==== Dataset records

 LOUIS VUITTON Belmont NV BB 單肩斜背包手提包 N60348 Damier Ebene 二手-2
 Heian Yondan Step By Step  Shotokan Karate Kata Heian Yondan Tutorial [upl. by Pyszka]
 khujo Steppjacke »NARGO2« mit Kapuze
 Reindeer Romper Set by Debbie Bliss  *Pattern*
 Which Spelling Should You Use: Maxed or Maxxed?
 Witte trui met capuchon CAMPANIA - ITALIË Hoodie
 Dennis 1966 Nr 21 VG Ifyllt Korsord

========
==== Dataset records

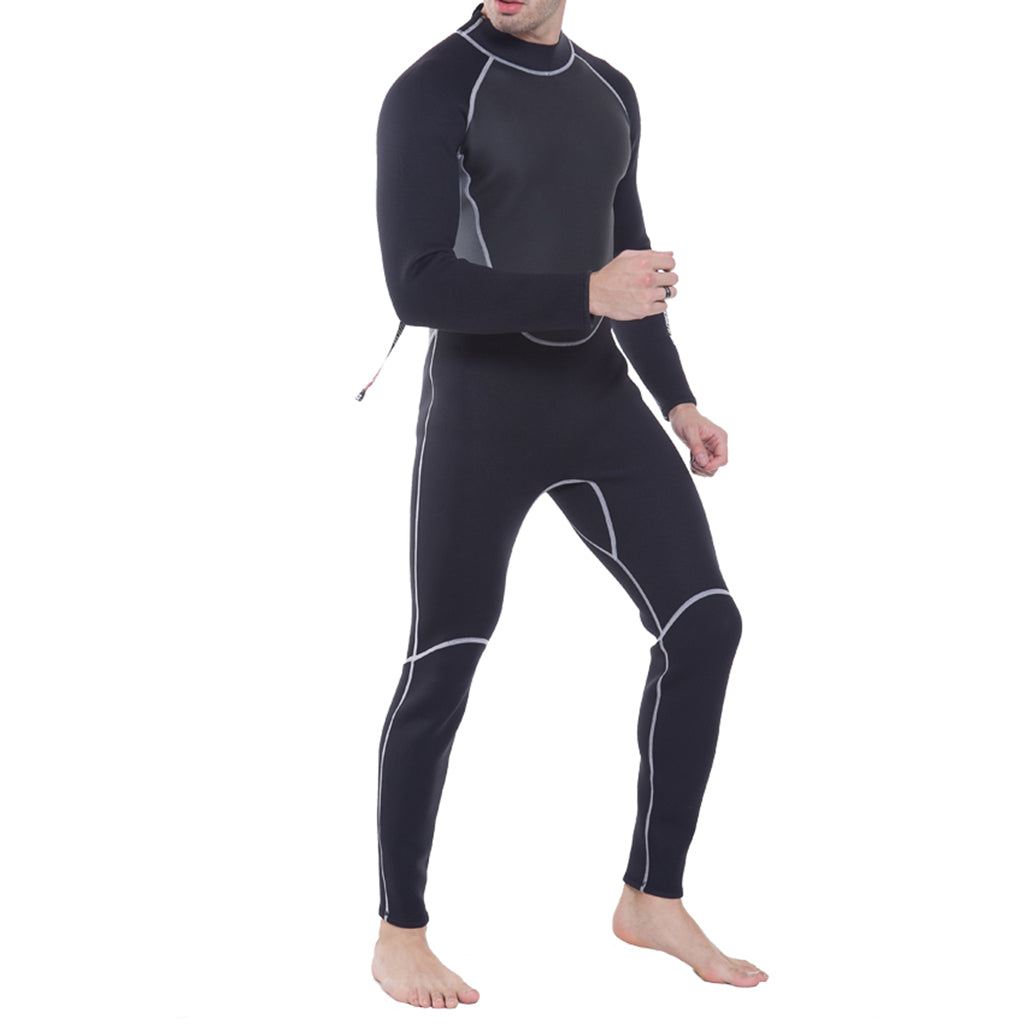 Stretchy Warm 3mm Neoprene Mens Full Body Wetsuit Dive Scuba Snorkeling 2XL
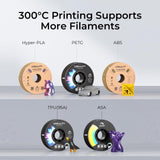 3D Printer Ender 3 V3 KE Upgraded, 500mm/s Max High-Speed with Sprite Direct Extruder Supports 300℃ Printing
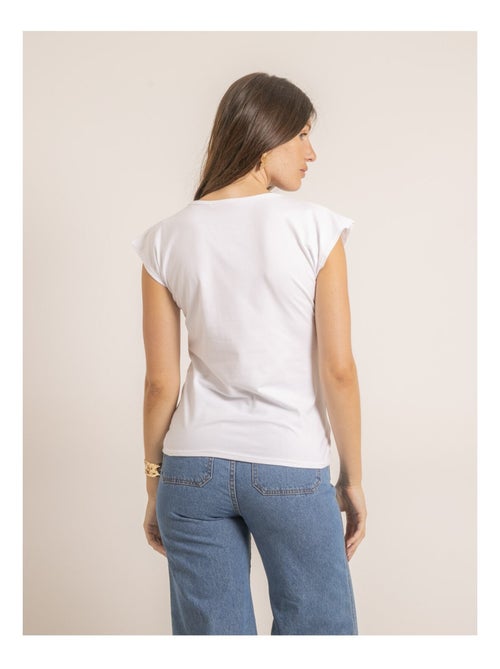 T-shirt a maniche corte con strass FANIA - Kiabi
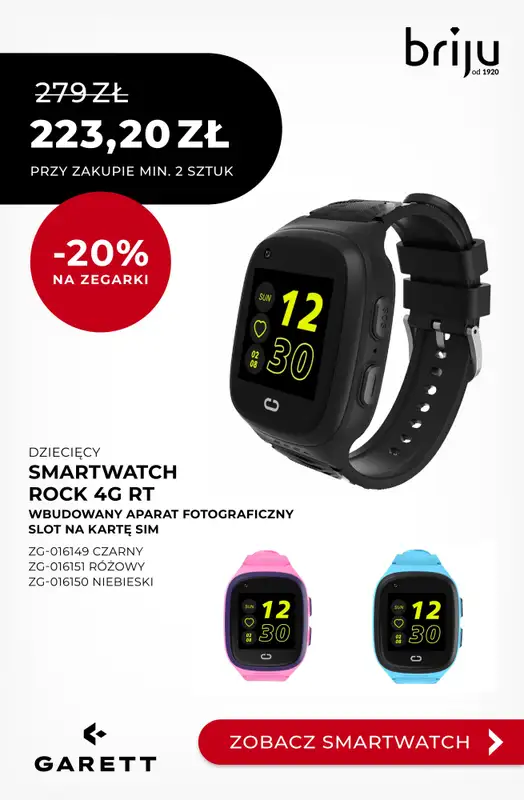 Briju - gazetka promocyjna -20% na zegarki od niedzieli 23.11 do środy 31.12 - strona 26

========

Although the records above contain pictures, the copy must not; set down exactly the lines from the one with "Stretchy Warm 3mm" up to and including the one with "Briju - gazetka".

 Stretchy Warm 3mm Neoprene Mens Full Body Wetsuit Dive Scuba Snorkeling 2XL
 3D Printer Ender 3 V3 KE Upgraded, 500mm/s Max High-Speed with Sprite Direct Extruder Supports 300℃ Printing
 T-shirt a maniche corte con strass FANIA - Kiabi
 Briju - gazetka promocyjna -20% na zegarki od niedzieli 23.11 do środy 31.12 - strona 26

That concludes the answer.